Harry Styles’ new album Harry’s House charms music critics

Image credit: BBC

Music experts have hailed Harry Styles’ highly anticipated new album, Harry’s House, for its “abundant charm,” “very well-crafted pop tunes,” and “moments of utter beauty.”

It’s the latest step in the former One Direction member’s “really extraordinary rebirth,” according to the New York Times.

Will Hodgkinson commented that it is “a lesson in becoming a credible artist without alienating the masses of once young admirers who made you a pop star in the first place,” but that the lyrics are its weakest point.

He wrote, “Where Styles does fall short in contrast to the rock and pop greats is in the words.”

Alexis Petridis of The Guardian called the lyrics “canny – albeit perhaps not particularly deep.”

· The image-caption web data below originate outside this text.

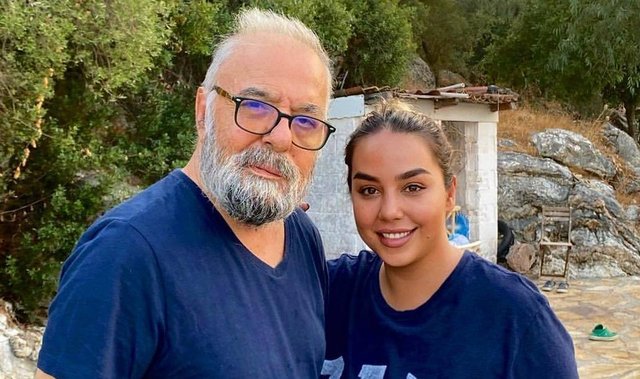 3530409-c0927f10a691c2e2123fa035ea608526-640x640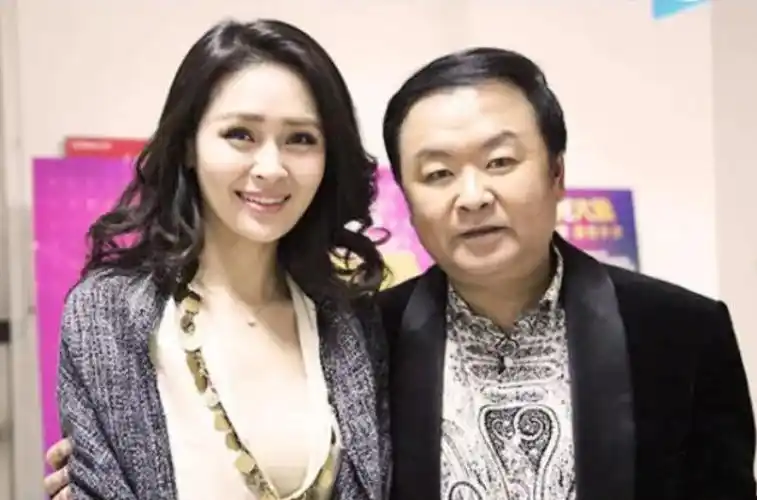 回顾演员于明加结婚13年只生孩子不做饭如今被丈夫一家宠成公主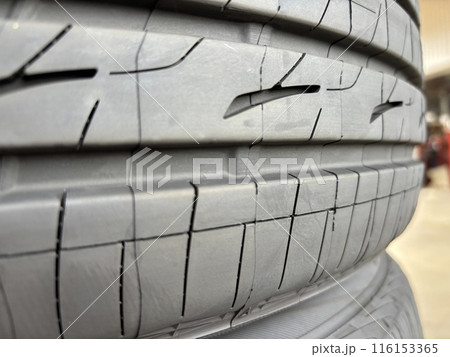 タイヤのスリップサイン 116153365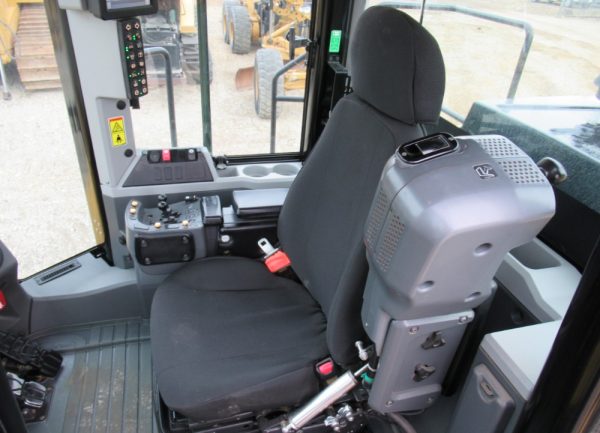 2015 Caterpillar 980M Articulated Wheel Loader ROPS Cab - Image 17
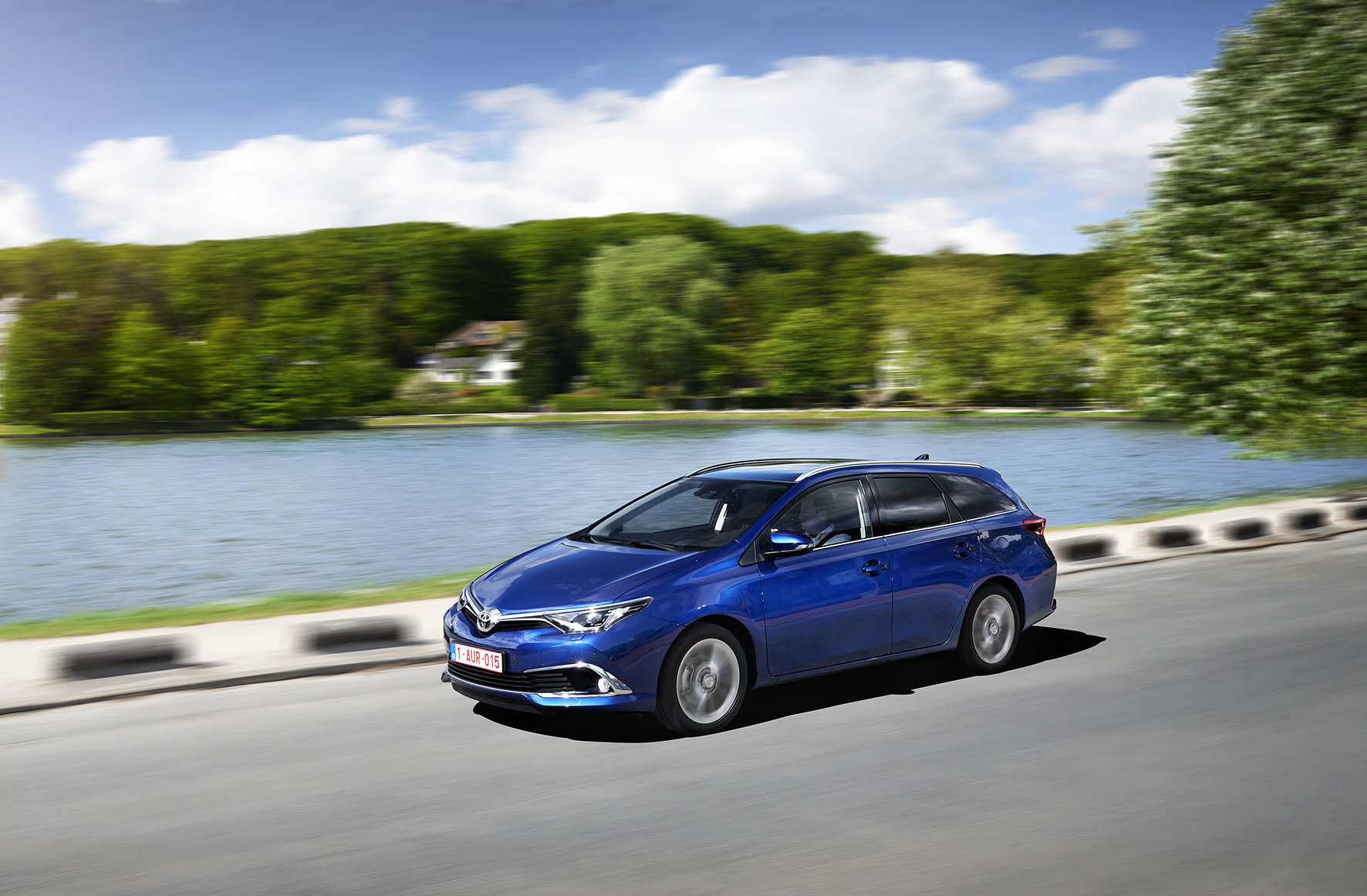 Productie Toyota Auris hybride verhoogd om te kunnen voldoen aan de vraag. Met name de Auris Touring Sports Hybrid met 14% bijtelling is erg interessant voor de lease.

Despite this, he declared in a four-star review that “every song seems like a single.”

Petridis called it “a sophisticated third album” that “majors in sounds evocative of the mid-80s,” comparing it to Prince and Steely Dan on certain tracks.

Styles has been dubbed “a Mick Jagger for our more enlightened age” by Rolling Stone.

According to the Evening Standard, Harry’s House has the “potential to cement Styles’ place at the top of the hit-making pile, set for summer dominance in all its funked-out swagger.”

“It’s almost a comfort to hear him settle into himself, to try sounds and ideas that go beyond a teen’s record collection in the 1970s,” iNews wrote, comparing new Styles tracks to Robbie Williams and Justin Timberlake.

“A casual listener might find their attention slipping away on all those soft, rounded edges,” Kate Solomon said in her three-star assessment.

Although it is “a brilliant and pleasant record,” she concluded that it has “very little bite” on a deeper level.

On Friday, Harry’s House, which is named after a song from Joni Mitchell’s 1975 album The Hissing of Summer Lawns, will be released.

Meanwhile, Styles has signed up to read a CBeebies Bedtime Story as the latest celebrity to do so. He’ll read In Every House, On Every Street by Jess Hitchman, which is illustrated by Lili la Baleine.